TO DO → For each record that follows, write out an identical copy.

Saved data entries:
◇ ◇ ◇ ◇ ◇ ◇ ◇

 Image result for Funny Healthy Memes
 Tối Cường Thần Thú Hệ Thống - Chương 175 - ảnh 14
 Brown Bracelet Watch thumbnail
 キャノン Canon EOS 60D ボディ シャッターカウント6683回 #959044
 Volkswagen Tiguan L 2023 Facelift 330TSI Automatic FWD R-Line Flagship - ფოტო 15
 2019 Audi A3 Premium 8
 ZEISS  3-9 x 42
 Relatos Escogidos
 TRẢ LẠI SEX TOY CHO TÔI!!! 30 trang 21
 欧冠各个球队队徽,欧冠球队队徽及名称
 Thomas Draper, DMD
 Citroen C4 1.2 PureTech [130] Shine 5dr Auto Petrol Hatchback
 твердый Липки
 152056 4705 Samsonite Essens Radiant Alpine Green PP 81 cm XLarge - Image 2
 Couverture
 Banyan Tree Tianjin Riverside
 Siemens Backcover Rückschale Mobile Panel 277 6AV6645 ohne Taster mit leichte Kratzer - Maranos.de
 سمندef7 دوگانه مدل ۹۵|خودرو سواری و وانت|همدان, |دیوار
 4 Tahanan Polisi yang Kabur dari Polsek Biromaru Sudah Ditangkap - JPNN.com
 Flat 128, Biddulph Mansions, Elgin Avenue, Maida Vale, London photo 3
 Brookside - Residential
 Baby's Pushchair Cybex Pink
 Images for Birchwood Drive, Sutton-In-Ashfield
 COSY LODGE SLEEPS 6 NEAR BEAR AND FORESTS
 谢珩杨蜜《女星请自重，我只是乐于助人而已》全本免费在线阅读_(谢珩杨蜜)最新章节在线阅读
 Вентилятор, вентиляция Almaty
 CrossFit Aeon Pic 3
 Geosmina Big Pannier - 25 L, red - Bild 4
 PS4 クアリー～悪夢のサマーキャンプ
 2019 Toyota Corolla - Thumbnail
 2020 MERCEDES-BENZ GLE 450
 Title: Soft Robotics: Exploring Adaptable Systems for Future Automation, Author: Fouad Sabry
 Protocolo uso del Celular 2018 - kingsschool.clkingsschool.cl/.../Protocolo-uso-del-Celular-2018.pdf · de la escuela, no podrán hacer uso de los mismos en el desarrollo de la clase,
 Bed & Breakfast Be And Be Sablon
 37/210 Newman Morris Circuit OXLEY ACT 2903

◇ ◇ ◇ ◇ ◇ ◇ ◇

RESPONSE →
 Image result for Funny Healthy Memes
 Tối Cường Thần Thú Hệ Thống - Chương 175 - ảnh 14
 Brown Bracelet Watch thumbnail
 キャノン Canon EOS 60D ボディ シャッターカウント6683回 #959044
 Volkswagen Tiguan L 2023 Facelift 330TSI Automatic FWD R-Line Flagship - ფოტო 15
 2019 Audi A3 Premium 8
 ZEISS  3-9 x 42
 Relatos Escogidos
 TRẢ LẠI SEX TOY CHO TÔI!!! 30 trang 21
 欧冠各个球队队徽,欧冠球队队徽及名称
 Thomas Draper, DMD
 Citroen C4 1.2 PureTech [130] Shine 5dr Auto Petrol Hatchback
 твердый Липки
 152056 4705 Samsonite Essens Radiant Alpine Green PP 81 cm XLarge - Image 2
 Couverture
 Banyan Tree Tianjin Riverside
 Siemens Backcover Rückschale Mobile Panel 277 6AV6645 ohne Taster mit leichte Kratzer - Maranos.de
 سمندef7 دوگانه مدل ۹۵|خودرو سواری و وانت|همدان, |دیوار
 4 Tahanan Polisi yang Kabur dari Polsek Biromaru Sudah Ditangkap - JPNN.com
 Flat 128, Biddulph Mansions, Elgin Avenue, Maida Vale, London photo 3
 Brookside - Residential
 Baby's Pushchair Cybex Pink
 Images for Birchwood Drive, Sutton-In-Ashfield
 COSY LODGE SLEEPS 6 NEAR BEAR AND FORESTS
 谢珩杨蜜《女星请自重，我只是乐于助人而已》全本免费在线阅读_(谢珩杨蜜)最新章节在线阅读
 Вентилятор, вентиляция Almaty
 CrossFit Aeon Pic 3
 Geosmina Big Pannier - 25 L, red - Bild 4
 PS4 クアリー～悪夢のサマーキャンプ
 2019 Toyota Corolla - Thumbnail
 2020 MERCEDES-BENZ GLE 450
 Title: Soft Robotics: Exploring Adaptable Systems for Future Automation, Author: Fouad Sabry
 Protocolo uso del Celular 2018 - kingsschool.clkingsschool.cl/.../Protocolo-uso-del-Celular-2018.pdf · de la escuela, no podrán hacer uso de los mismos en el desarrollo de la clase,
 Bed & Breakfast Be And Be Sablon
 37/210 Newman Morris Circuit OXLEY ACT 2903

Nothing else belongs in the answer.